KCMC opened its doors in 1971. At present, the center regularly exceeds its occupancy levels (500 beds) as it is one of 4 regional referral hospitals for over 11 million people in Northern Tanzania, and receives hundreds of outpatients and visitors daily. Patient demographics range greatly, but as a whole, nearly 3,500 deliveries and 2,500 major surgeries are performed at the medical center each year.
In 1997, Kilimanjaro Christian Medical College (KCM College) http://www.kcmc.ac.tz/KCM%20College.htm was opened. KCM College is a constituent college of Tumaini University, along with Iringa University College and Makumira University College. KCM College is one of 2 medical schools in the country offering postgraduate medical training in a full range of specialties including the East Regional Training Centers in Urology and Dermatology.
Students interested in learning more about the opportunites at KCMC should contact Estomih Mtui, MD (click for contact information).
Wilderness & Environmental Medicine Elective
The goal of the Department of Emergency Medicine's Wilderness & Environmental Medicine Elective for medical students is to offer an introduction to backcountry care and to teach improvisational treatment skills. The knowledge and skill sets of medical care in austere environments will be applicable for patients in the wilderness as well as in the settings of man-made/natural disasters, or while working overseas in resource-poor environments. We anticipate that this course will be helpful to any medical student applying to any variety of clinical residency programs.

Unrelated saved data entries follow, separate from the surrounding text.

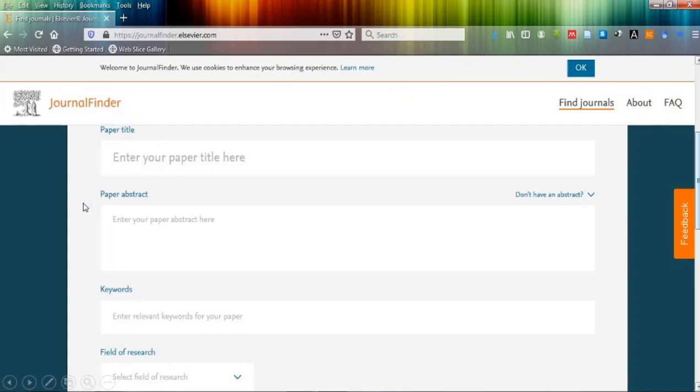One is paper title, second is paper abstract, keywords, and field of research.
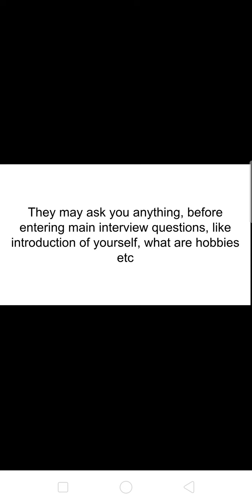Most of the time, the interviewers will ask you some easy questions like 'introduce yourself' or 'what is your hobby.' Actually, they're relaxing you, they're just comforting you and soothing you with the circumstances.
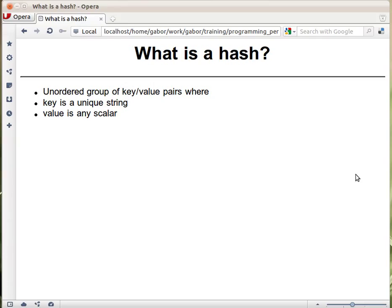In other languages the same data structure exists. It can be called associative array, or it can be called dictionary, and similar names.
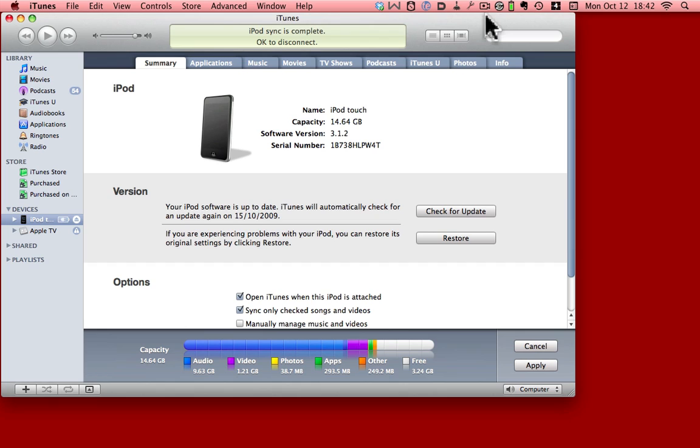Recent updates to Snow Leopard, iTunes and the iPhone software have made it a lot easier to rearrange the applications on your iPod or iPhone screen. Here's how.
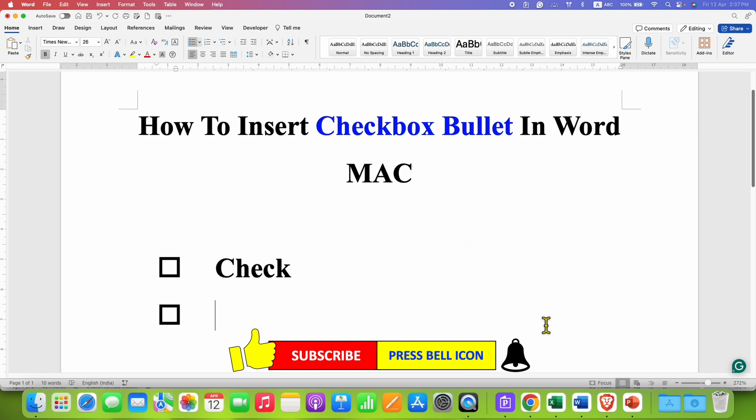In this way, you can insert checkbox bullet in Word on Mac. Now, check out these useful videos related to Microsoft Word on Mac.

This course is offered as an elective in the fourth-year of medical school, and consists of didactic and hands on teaching in New York (Bronx Zoo, NY Botanical Gardens) with backcountry weeks in the Adirondack Mountains (fall) and the American Southwest (spring).
Medical residents are also welcomed to participate in the course. Credit is available towards the Wilderness Medical Society Fellowship Program.
More information is available at nypemergency.org, or by contacting Dr. Jay,Lemery at email@example.com.
Dreyfus Health Foundation of the Rogosin Institute
The Dreyfus Health Foundation (DHF), a division of The Rogosin Institute (http://www.rogosin.org/index.php), is a separate not-for-profit organization founded in 1988 that has helped over six million people in more than 30 countries. The DHF serves as a catalyst for better health worldwide by transforming individuals and communities through a problem-solving process that empowers them to change themselves and their environments for the better. The Foundation works to improve quality of life globally by fostering creative problem solving and project sustainability at the local and national levels and by promoting cooperation and interaction between participating countries.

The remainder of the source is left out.